Obtaining nonprofit status
Why you need a 501(c)(3) nonprofit status, taxes
If your orchestra is in the United States, an official federal 501(c)(3) non-profit status will open many doors for you, particularly in terms of fundraising. Most grants and fundraising programs are only available to nonprofit organizations, and your organization will be more attractive to individual or local corporate donors if they can deduct donations to your orchestra from their taxes. Additionally, you will not have to pay federal income taxes (though you will still have some annual filing requirements), and you can also file additional paperwork with your state to be exempt from state income taxes. Obtaining a 501(c)(3) status is a lengthy, expensive, and somewhat laborious procedure, but it should be something you do early on, as soon as you know your new orchestra is going to last.

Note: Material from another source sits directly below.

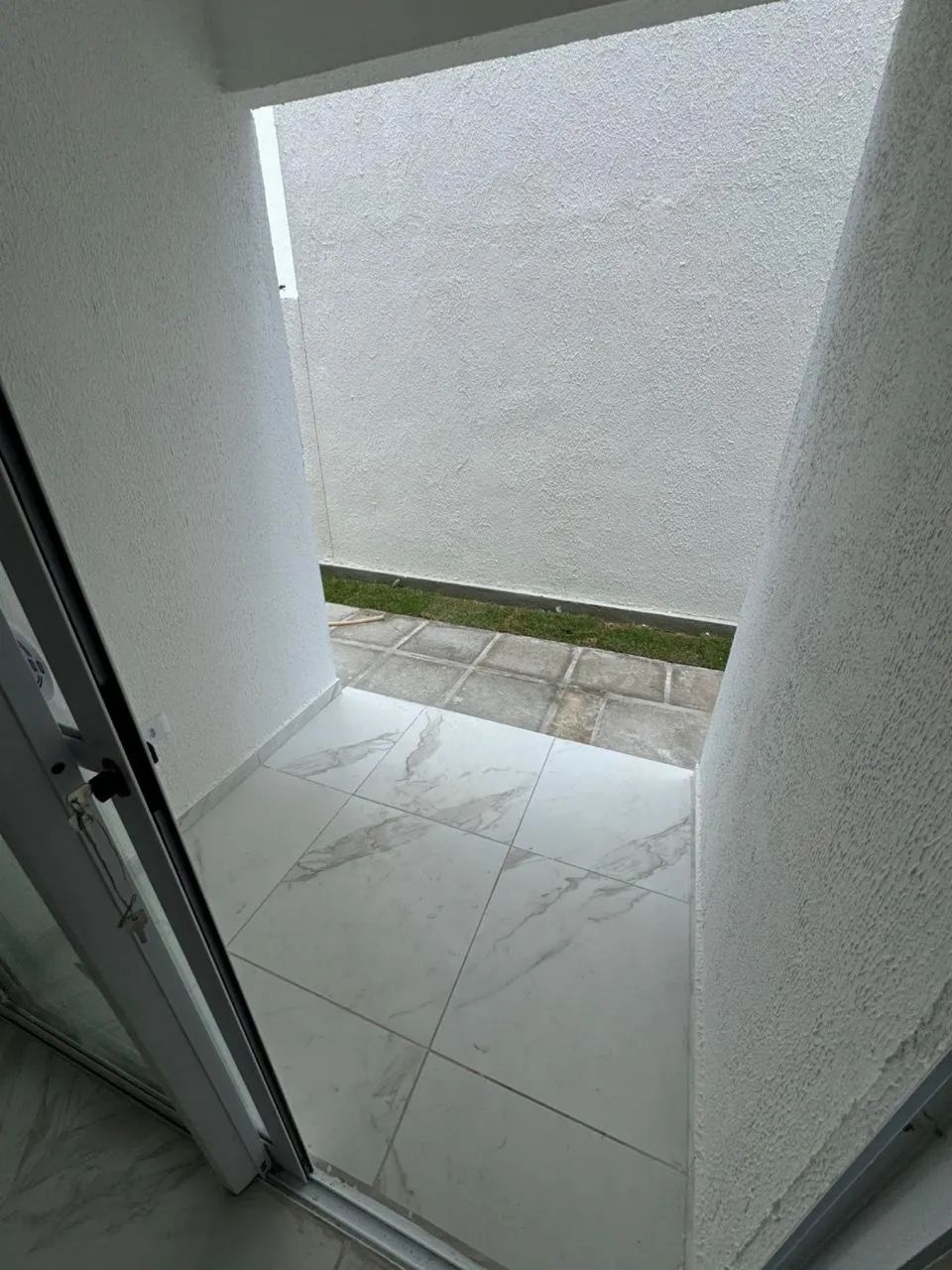 ? ALUGA-SE CASA - RUA SOLMAR - Foto 3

How to get a 501(c)(3) nonprofit status
There are numerous services you can pay for to fill out the 501(c)(3) paperwork for you (LegalZoom being a popular example); however, I do not think they are worth the cost. The most laborious parts of putting together the 501(c)(3) application are the parts that are very specific to your organization, such as creating your bylaws and budget, which you really need to do yourself. If you feel the need to outsource something as fundamental as your bylaws, then you haven't taken enough time to really think through the structure and purpose of your organization to put it on sound footing in the first place. Think of your 501(c)(3) application as an opportunity to define and strengthen your organizational goals and structure. Assemble a small team of people to just pound it out and get it done.
The procedure for obtaining a federal 501(c)(3) nonprofit status is as follows:
- Obtain an Employer Identification Number (EIN)

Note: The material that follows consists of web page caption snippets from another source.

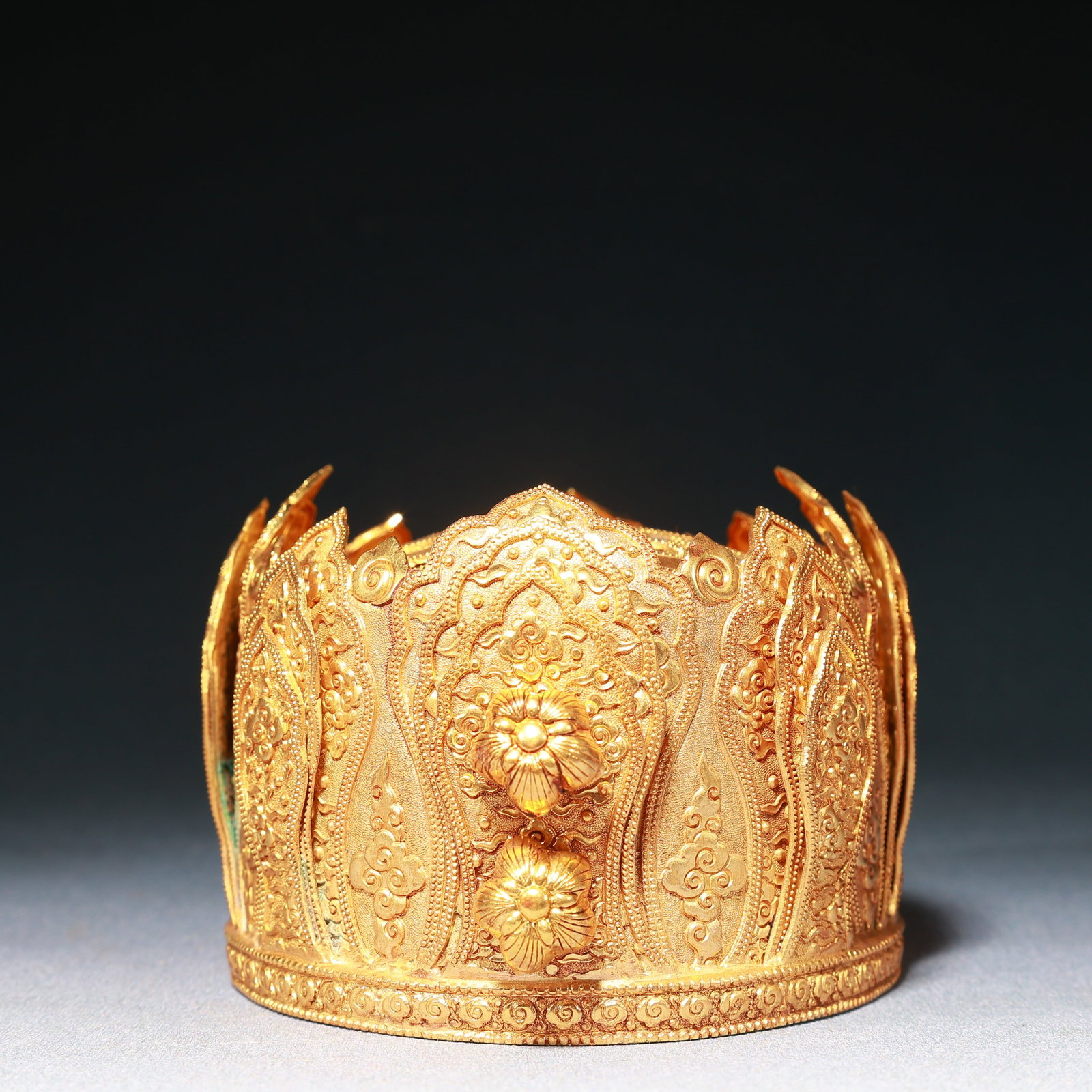 An Exquisite Gilt Bronze Auspicious Cloud Pattern Hat - 3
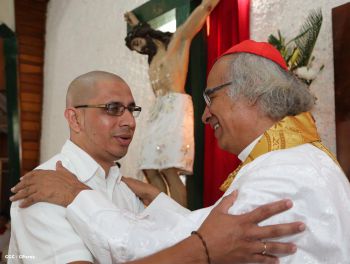 Cardenal Brenes celebra a Cristo Rey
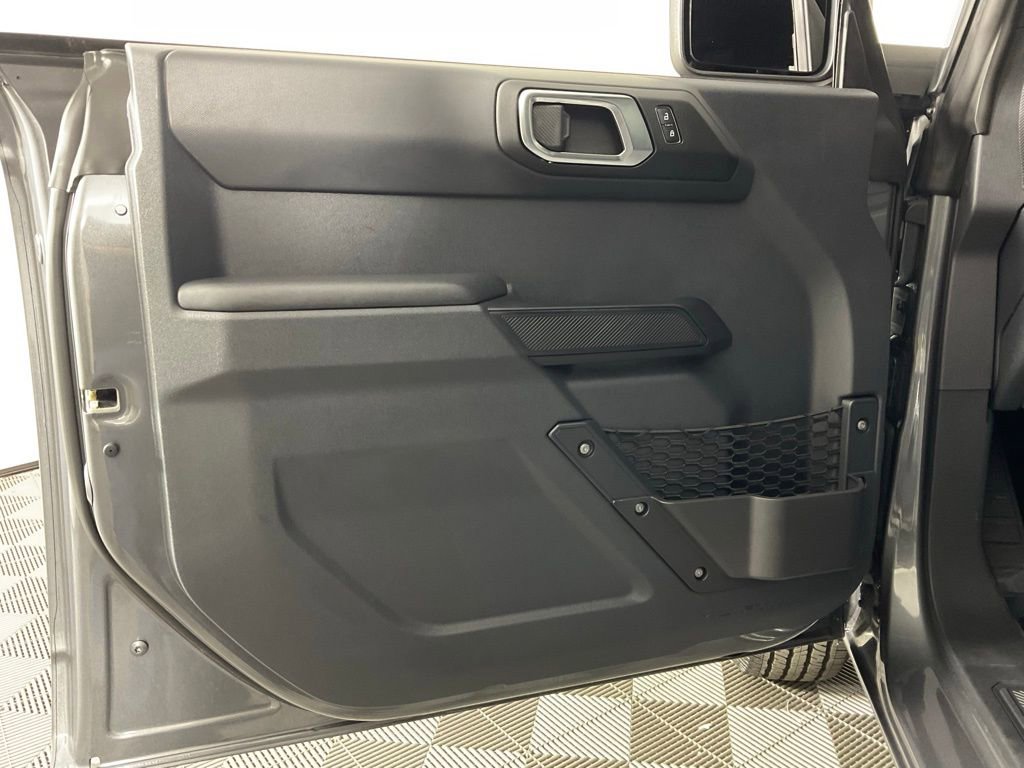 Certified 2025 Ford Bronco Base ***GOLD CERTIFIED*** image 12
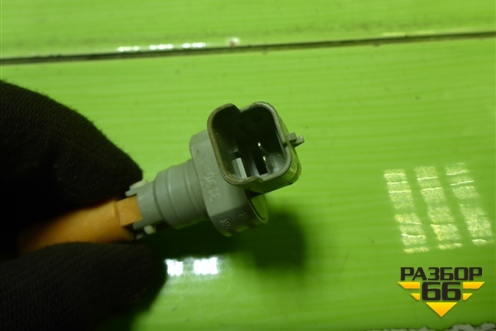 Датчик уровня жидкости в бачке омывателя (9659757080) для Peugeot 408 с 2012г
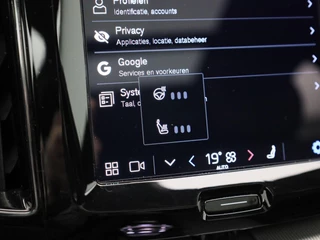 Volvo XC60 Volvo XC60 2.0 B4 D AWD R-Design | Parkeerverwarming | Schuif-/kanteldak | Trekhaak | Climate Pack | Memoryseats - afbeelding nr 32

- Design and elect your first board of directors
- Obtain official corporation status through your state
- Write and adopt bylaws
- Complete the federal 501(c)(3) application
- Wait several months for the IRS to process your application.
How long does it take?
The time it takes to prepare your application and get your state incorporation will depend on your state. The time it takes for the IRS to review and approve your application depends on the IRS and how good a job you did on your application. If you did a good job preparing your application, you should receive your non-profit status after a few months with no need for revisions. If, on the other hand, the IRS determines that revisions are needed, you will be assigned a revision specialist and will have to jump through several more hoops and wait for several more months before obtaining your status. The good news is that your non-profit status will be retroactive back to the date you submitted the application, so if you received any large donations during the time your application was being processed, your donors can still claim tax deductions once your non-profit status has been obtained (assuming a tax year doesn't end in between).
The RCO obtained its nonprofit status after just four months, but I know of another local organization that waited over a year even though they did not have to make revisions. I think it really depends on the quality of your application and how backed up the IRS is when you submit it.
How to get tax-exempt status at the state level
If you have successfully received your federal 501(c)(3) status, you should also be eligible for exemption from state income taxes. You will probably have to file some extra paperwork to the state. In California, you can file Form 3500A if you have already received your federal exemption. If you decide to file for state tax exemption before receiving your federal tax exemption, you have to fill out the longer and more detailed Form 3500, which has similar requirements to the federal application.